| Material for the task |

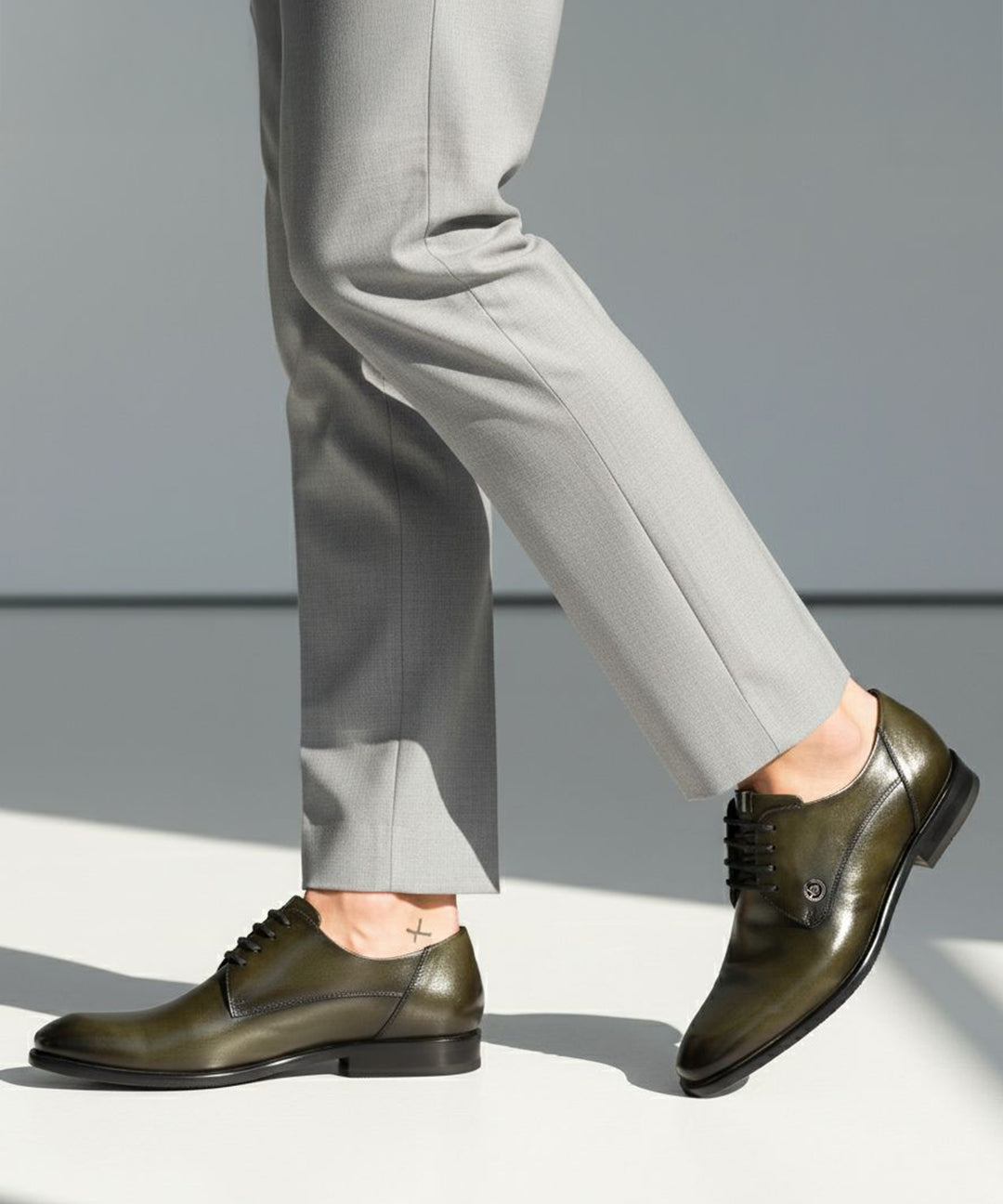 bugatti Mansueto Flex Derby shoes in dark green premium leather, worn with grey dress pants and a small ankle tattoo.
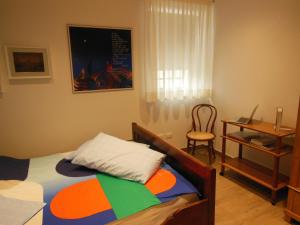 a bedroom with a bed and a desk and a chair at AVD - La Nuova Casa di Nonna in Udine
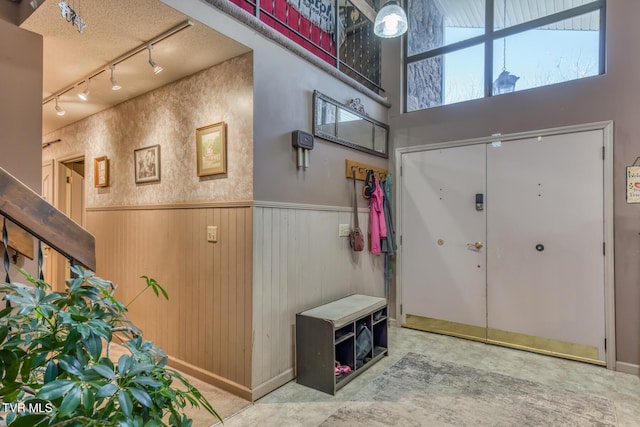 foyer entrance with rail lighting, a wainscoted wall, wood walls, and a towering ceiling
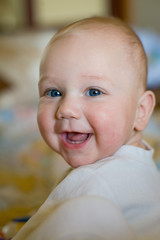 Caucasian toddler cute infant baby boy smiling with first teeth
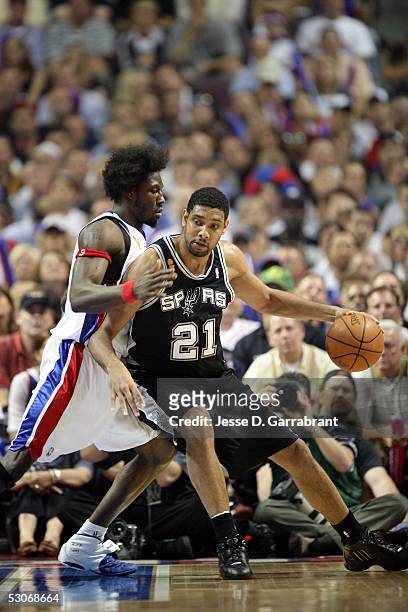 Tim Duncan of the San Antonio Spurs drives against Ben Wallace of the Detroit Pistons in Game three of the 2005 NBA Finals June 14, 2005 at the...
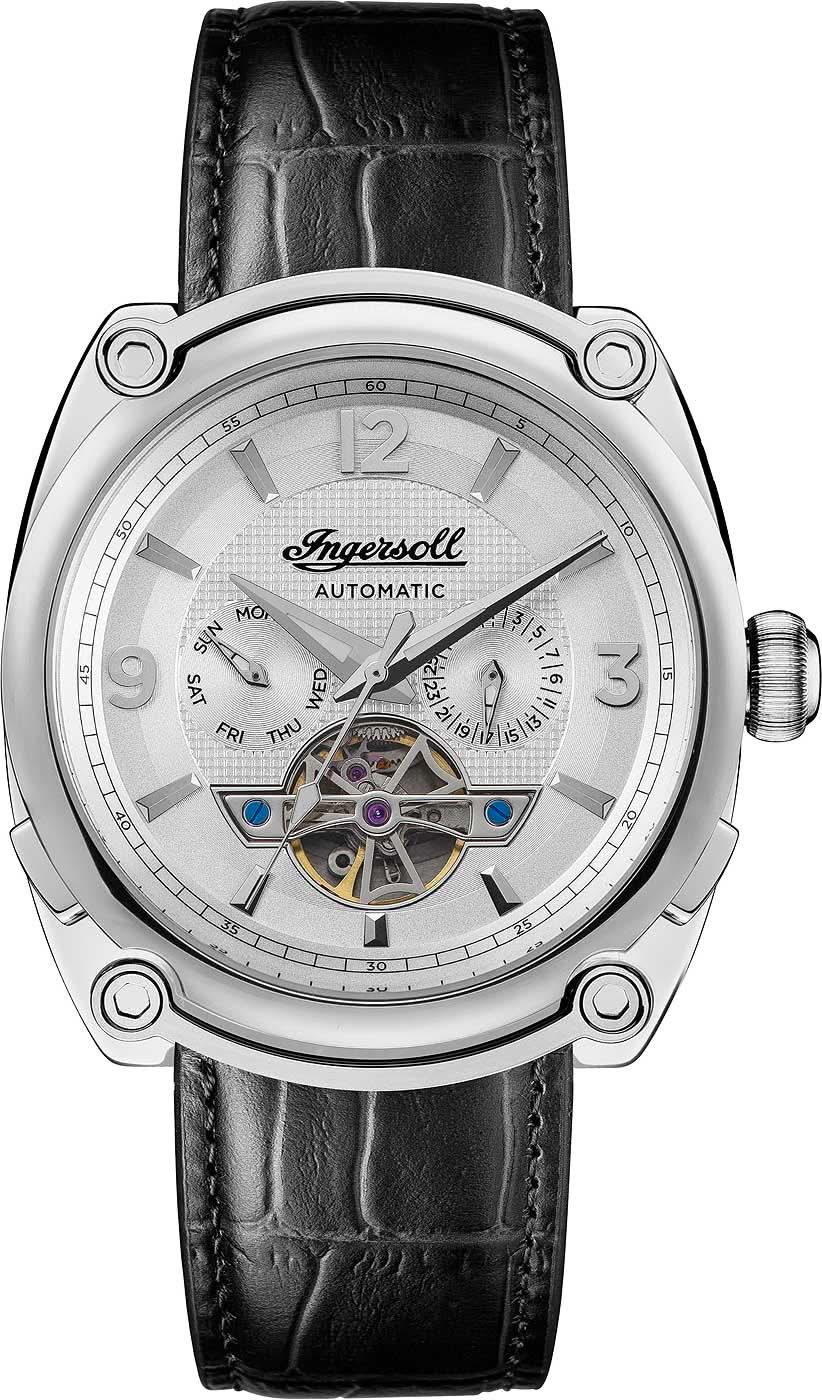 Reloj de hombre con correa de cuero negra y esfera plateada, movimiento automático visible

| Directions for this task |
Write down exactly the lines running from the line with "Caucasian toddler cute" through the end of the material, both ends included, and none of the pictures.

| Solution for this task |
 Caucasian toddler cute infant baby boy smiling with first teeth
 Tim Duncan of the San Antonio Spurs drives against Ben Wallace of the Detroit Pistons in Game three of the 2005 NBA Finals June 14, 2005 at the...
 Reloj de hombre con correa de cuero negra y esfera plateada, movimiento automático visible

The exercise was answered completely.